Paul Krugman pointed out in a column in The New York Times on Aug. 20 that disillusionment with Obama had been building up for a long time: “A backlash in the progressive base—which pushed President Obama over the top in the Democratic primary and played a major role in his general election victory—has been building for months. The fight over the public option involves real policy substance, but it’s also a proxy for broader questions about the president’s priorities and overall approach.”

The last straw for progressives, Krugman wrote, was the Obama’s administration’s backing away from the “public option” in the health-care bill. In fact, polls indicated that support for the proposed health-care reform dropped precipitously without the “public option” being included. But Krugman also explained that the “public option” had deflected the thrust for a single-payer system, which is the only real alternative to the present system. The progressives had been fobbed off with a vague “public option” and were now furious that even that looked as if it was going to be dropped.
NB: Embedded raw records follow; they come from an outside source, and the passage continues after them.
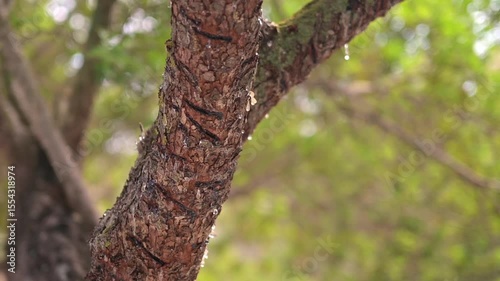 Wallpaper Mural Transparent mastic drops fall gently from tree bark, framed by sunlight and a blurred forest background. Chios Island, Greece Torontodigital.ca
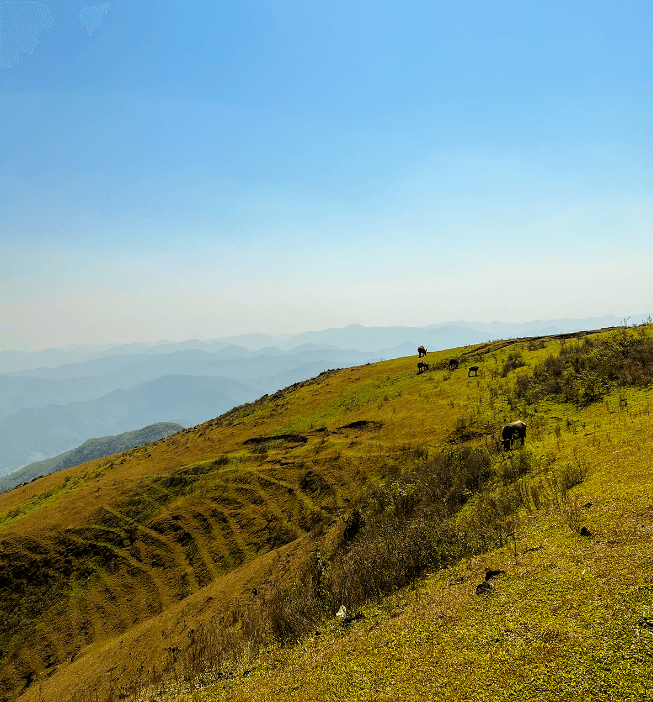 Trekking Núi Đại Bàng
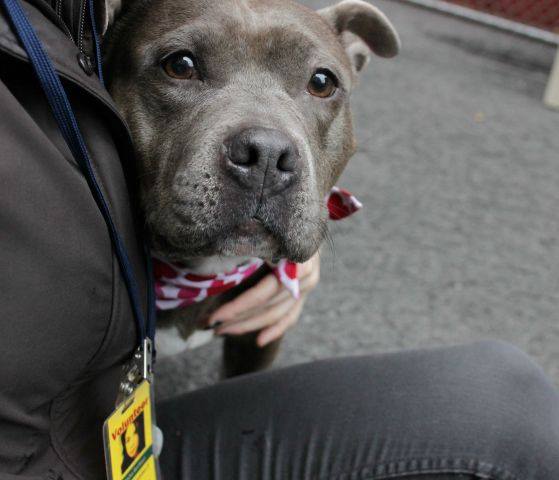 DOG - LOVITA MURDERED - NYC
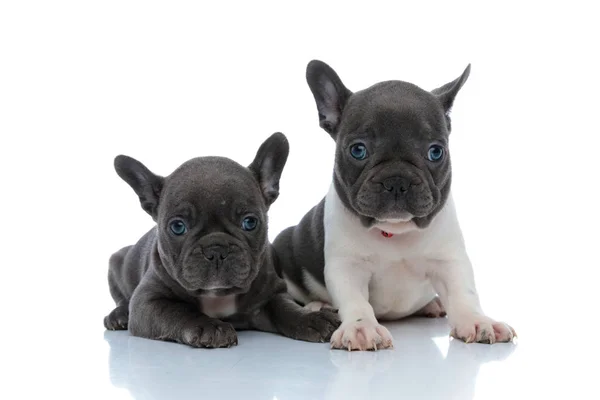 Zwei fokussierte französische Bulldoggen Welpen, die neugierig wegschauen — Stockfoto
The outcry of disillusionment clearly frightened the Obama regime into claiming that it had no intention of abandoning its “public option” (though a fake, tax-the-poor version) and if necessary it would pass it without a single Republican vote.

However, the backlash against the Obama’s administration’s sounds of retreat on the “public option” highlighted the weak and contradictory character of the so-called health reform it is offering. The outcry has revived demands for a single-payer system. And it indicates that the only way a real health-care reform can be achieved is by building a mass independent movement for a single-payer system that will not be subordinated to any bourgeois politician.

The threat of the mobilization of an army of right-wing fanatics to oppose any social reform and intimidate the organizations that defend the interests of the masses can only be countered by reorganizing and reenergizing the mass social organizations. In this conflict, the AFL set a good example, the first of this type in many years, by sending out instructions about how to defend the town meetings and organizing monitors to defend them, as also did the SEIU. Even though the union mobilization was done in defense of bourgeois politicians (the stock in trade of the bureaucratic officialdoms), it was an essential response to the threat of the activist right.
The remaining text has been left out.